Family will always be as near as the phone, car, plane or internet. Communication is the key as opposed to physical proximity.

Friends – old and new – document our journey through life. Some friends are with us forever while others come and go temporarily as well as permanently. There is a season for friends. We fill their needs and they ours. Needs change. And friends do as well. It is a natural progression. Often hard to understand but natural just the same. Change.

This quote popped out at me the other day:

“The first step to getting what you want is having the courage to get rid of what you don’t.” ~Anonymous

First of all what I want needs defining. Second of all, without the first I don’t have a clue what it is I don’t need to get rid of. So defining the want is the first step.

What do I want? Well, the first items that emerge are these: sense of belonging, sense of place, a feeling of future role here and real potential to grow it, a budding sense of new friends ready to link arms in whatever enterprise we find attractive.
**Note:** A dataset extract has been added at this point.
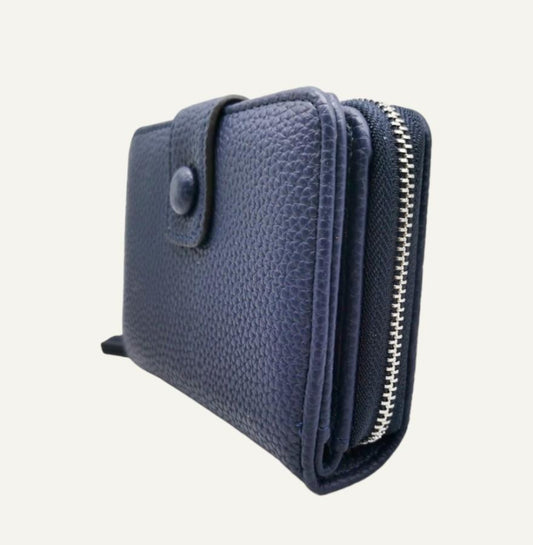 SMALL ZIP WALLET - NAVY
I guess this is a way of defining ‘meaning’.  For me that includes a good church home, a friendly neighborhood, and a community that embraces volunteerism and participation. I think it also includes a community that has a sense of itself and its forward momentum to meet the future constructively. All of these elements give a sense of vibe to the new surroundings. And that is well and good.
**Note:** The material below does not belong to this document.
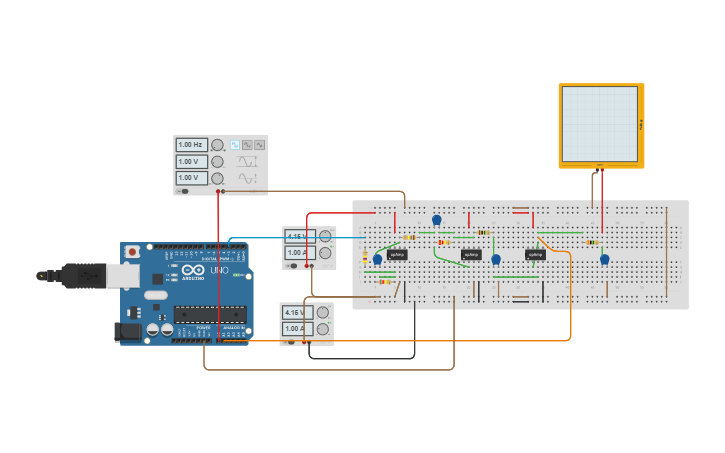 Circuit design Proyecto Final Control Digital | Tinkercad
We need to make room for it, however. Even the guts to make the decision to make the move, to pull up stakes and take a risk to encounter change head on. This must be the ‘courage’ mentioned in the quote. The willingness to overcome the obstructions in making a change possible. That would be the first thing to get rid of, eh?

Next on the disposal list are household goods that are totally unneeded – new space smaller, new life pattern simpler and less needy of glitter. Does the car fit the need or do we manufacture need to demand the car we want to drive? Smaller is better, less obtrusive, and far cheaper; functional ought not define costly or cheap!

The extra chairs, or silver and crystal; the oriental rugs, the spare bedrooms gathering dust; these are all elements unneeded in simpler living. Not a home chosen for solitariness, but one of involvement and purpose – that is the essence of finding a new place for home.

The need to move on may not be voluntary but it nonetheless provides an opportunity for a new beginning that is healthy if we are ready for it. There are those among our friends who understand this point well; there are those who don’t. That reminds me of another quote:

“The ones who say ‘you can’t’ and ‘you won’t’ are probably the ones scared that ‘you will’.”  ~ Author Unknown

They are not the ones making the decisions. I am. We are. And so the future beckons with many changes. Even at this late age it beckons with a distant glimmer suggesting good things to come. A new adventure is dawning for us. In a few months we will launch the new journey.

Exciting and alluring. Just as the future ought to be!